Using Multi-threading

From Starfish ETL
Revision as of 19:29, 5 November 2014 by Admin (talk | contribs)
(diff) ← Older revision | Latest revision (diff) | Newer revision → (diff)
Jump to navigation Jump to search

A new feature in Starfish 2.1 is the ability to use multithreading. This ability has been built-in natively to the Starfish Engine, so there is no need set up any additional message queue systems. The default number of threads is set to 1 in the Engine Web.config file. To override this, set a value in the Thread Count box in the Starfish Admin Run tab, or modify the value in the Config file.
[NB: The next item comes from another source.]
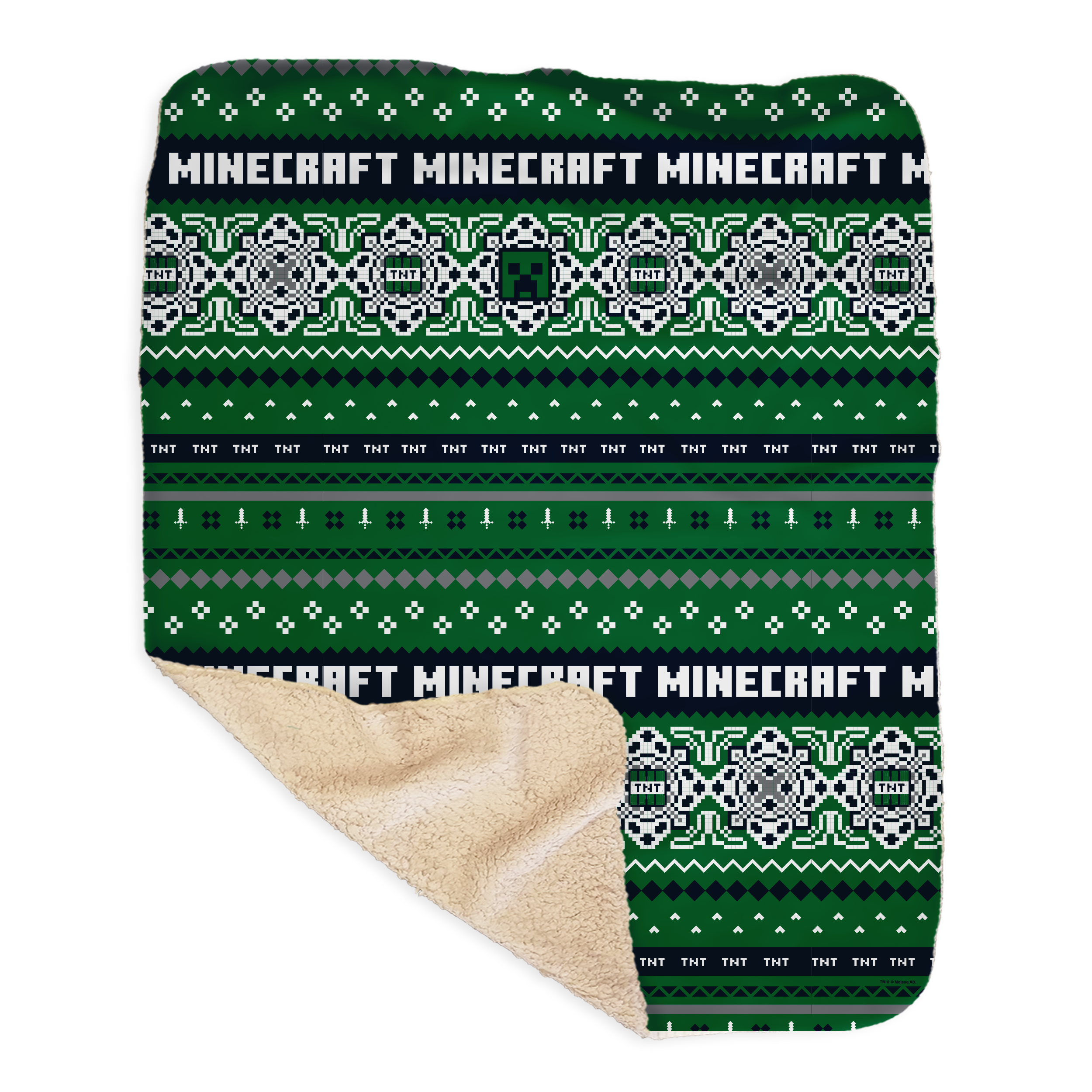 Minecraft Creeper Fairisle Sherpa Blanket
How many threads to use depends on a number of factors and finding the “sweet spot” may involve some trial and error. Multi-threading is most beneficial in scenarios where there may be network latency, such as integrations between backend systems and cloud-based or hosted solutions. In cases where data is being moved between two systems on the same database server or even within the network, using more than one thread may not produce better results (and may degrade performance). However, in ground-to-cloud migrations very significant performance gains will likely be seen.
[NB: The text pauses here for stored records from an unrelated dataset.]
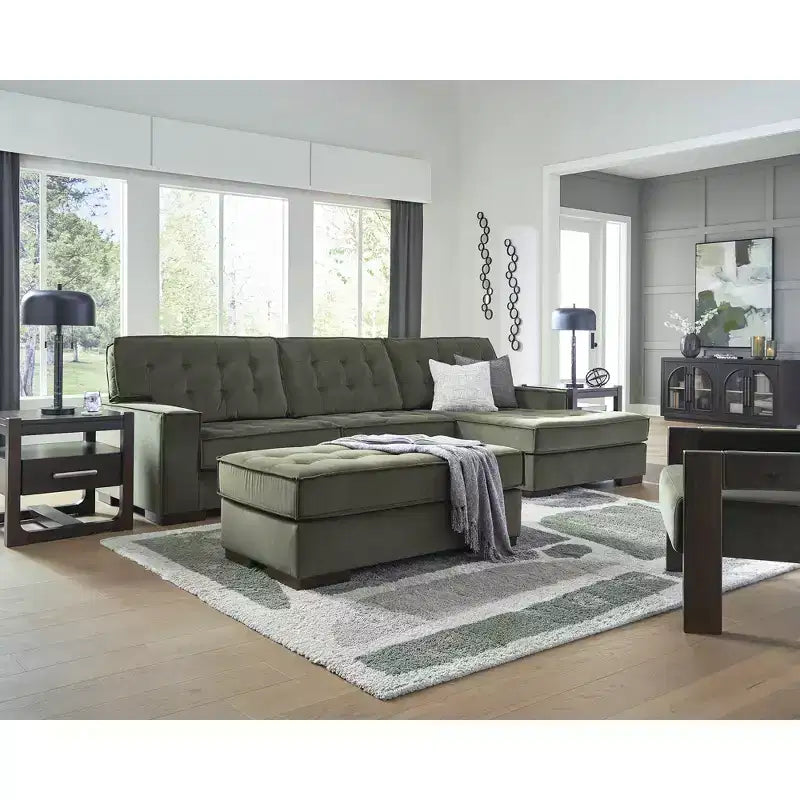 Oversized Accent Ottoman – Tufted Polyester Upholstery, Olive Green
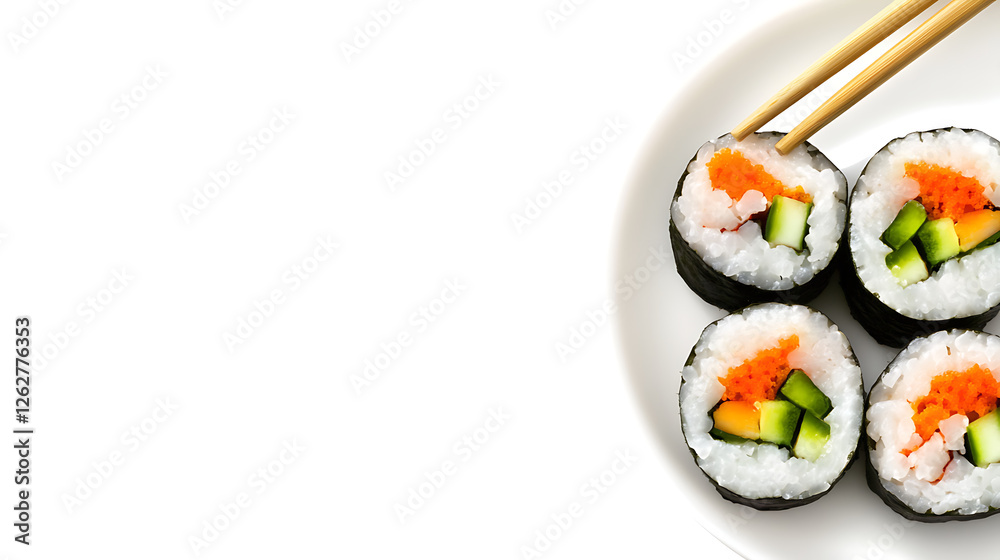 Sushi Rolls Plate with Chopsticks Rice Seaweed Roe Cucumber Mango Asian Cuisine Still Life Sushi Rolls Plate with Chopsticks Rice Seaweed Roe Cucumber Mango Asian Cuisine Still Life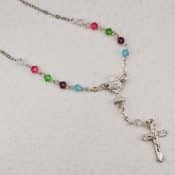 MULTI COLOR ONE DECADE RHODIUM PENDANT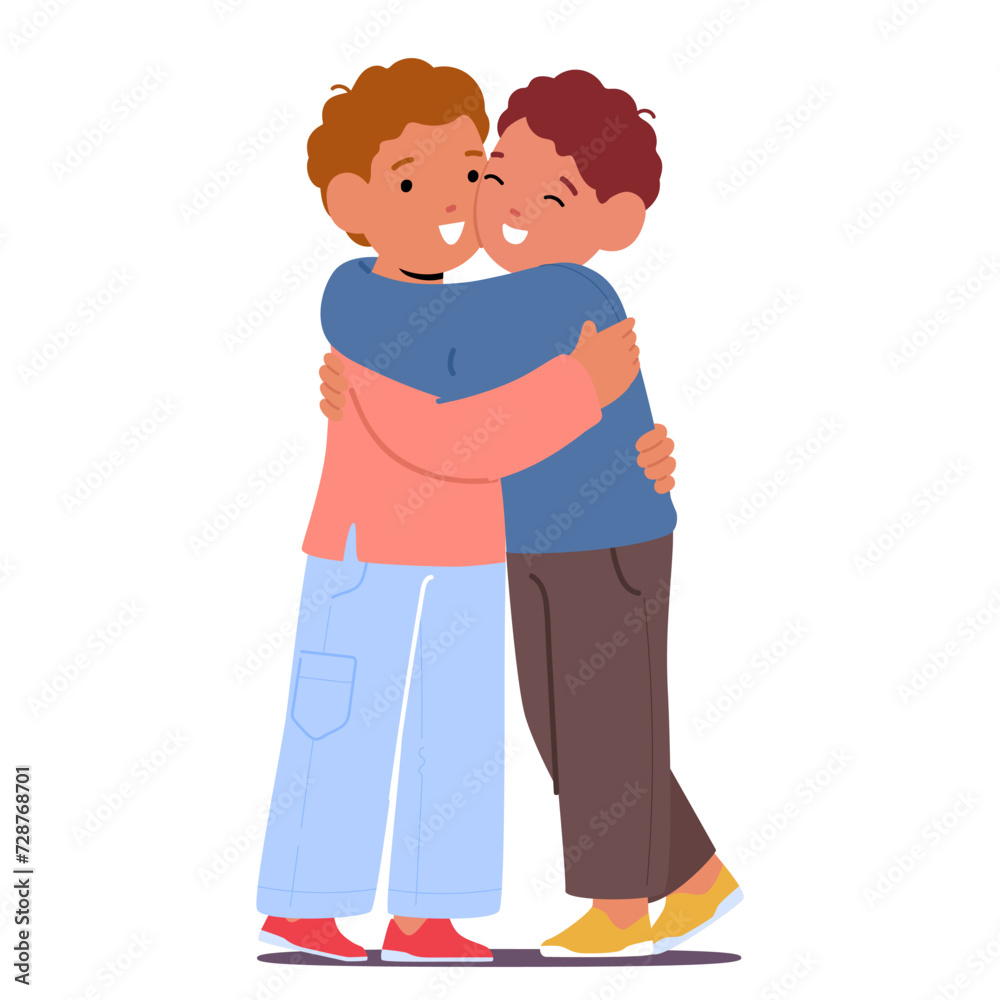 Two Young Pals Share Heartfelt Hug, In A Warm Embrace. Boys Characters Radiating Joy And Friendship, Vector Illustration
For these cases, we recommend starting with a value of 8 threads. This number can be increased if performance allows it. Starfish does not block an upper-limit of the number of threads that can be used. You’re only limited by the memory and speed of your server and, realistically, the limitations of your network bandwidth and the server you’re communicating with. For this reason, we recommend not exceeding 24 threads.
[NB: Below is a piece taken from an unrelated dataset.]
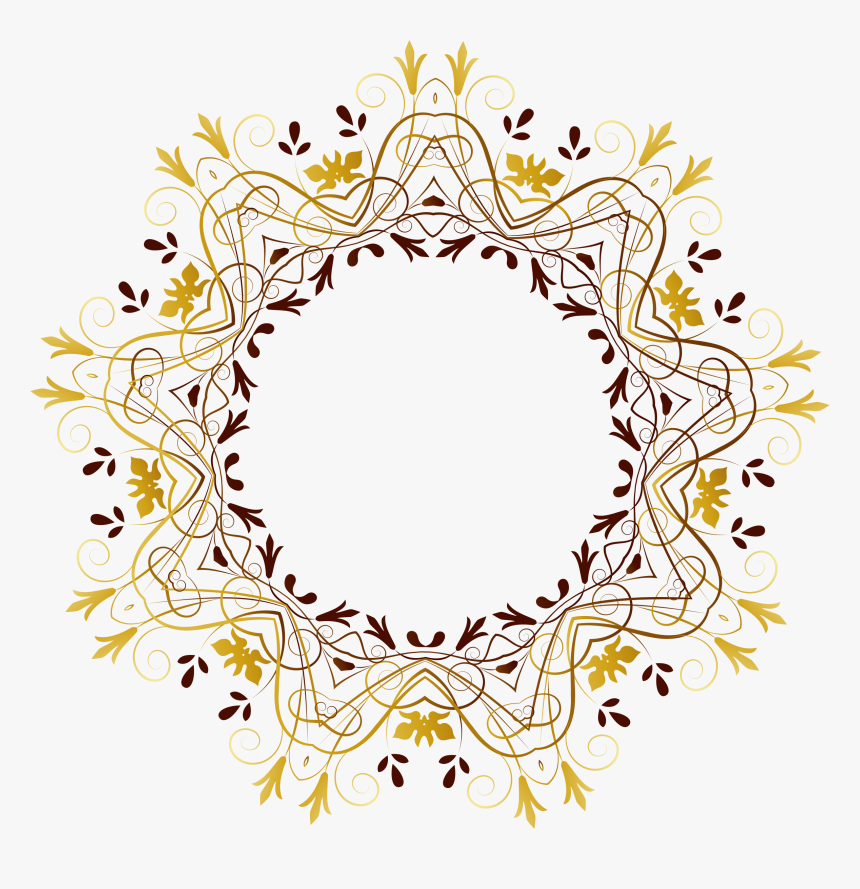 Flourishy Floral Design 15 Clip Arts - Ethnic Frame Design Png, Transparent Png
NOTE: Multi-threading hands off the next available data row to the next available thread as it because available. This means, rows being processed can be in any state at any given time. Rows will not complete in the sequential order they are fed into the queue. So, for example if you’re using 8 threads, Row #6 may finish before Row #1, then Row #3 may be next, and so on. The results will basically be random. For this reason, you cannot use multiple threads if you require data to be handled in a sequential order. For instance, if your job performs an Insert/Update operation and relies on this lookup to work properly based on data from previous rows.